Recorded information –
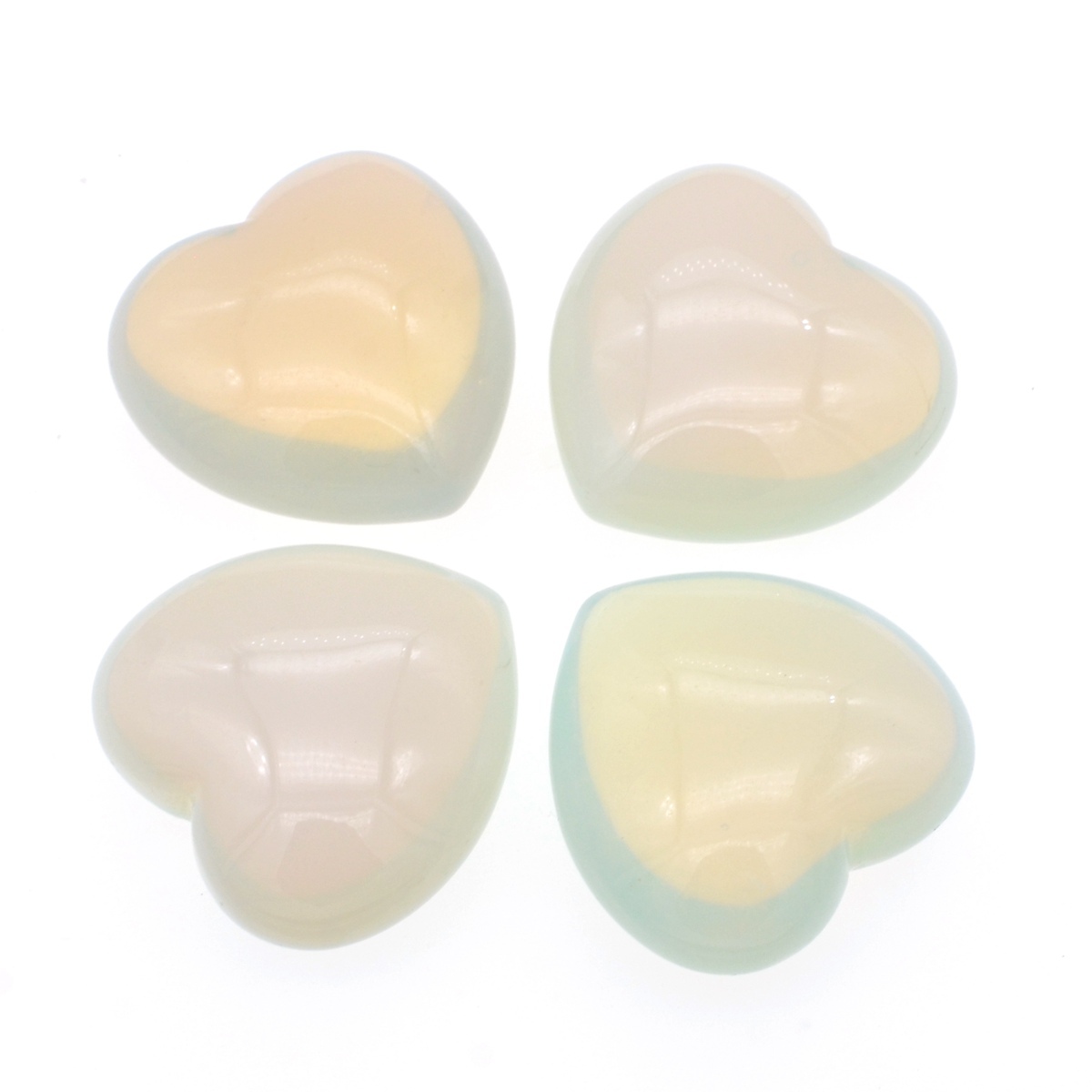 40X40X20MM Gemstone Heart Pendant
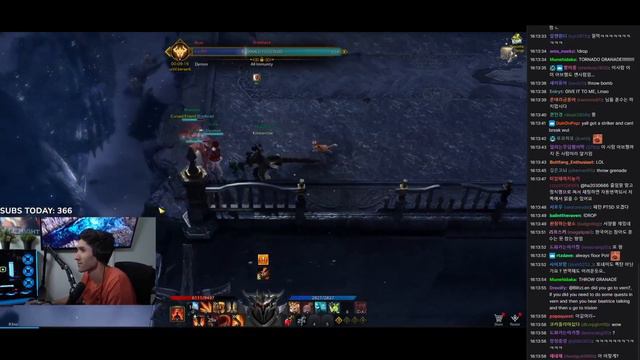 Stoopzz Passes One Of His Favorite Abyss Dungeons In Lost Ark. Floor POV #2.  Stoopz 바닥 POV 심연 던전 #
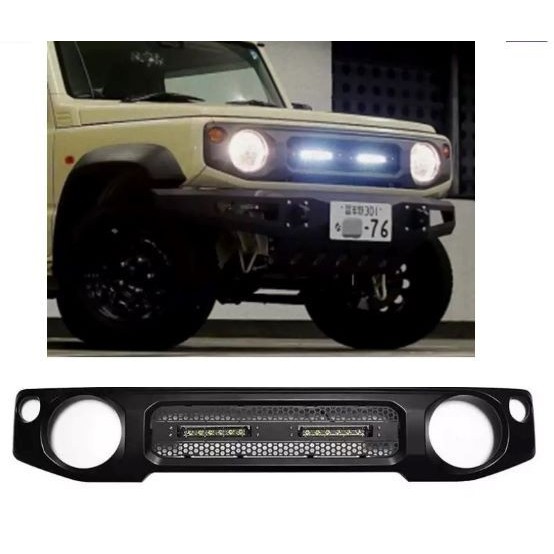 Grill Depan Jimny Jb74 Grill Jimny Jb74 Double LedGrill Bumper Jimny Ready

About this task – Every line above should be transcribed exactly, though no image should be carried over.

Output –
 40X40X20MM Gemstone Heart Pendant
 Stoopzz Passes One Of His Favorite Abyss Dungeons In Lost Ark. Floor POV #2.  Stoopz 바닥 POV 심연 던전 #
 Grill Depan Jimny Jb74 Grill Jimny Jb74 Double LedGrill Bumper Jimny Ready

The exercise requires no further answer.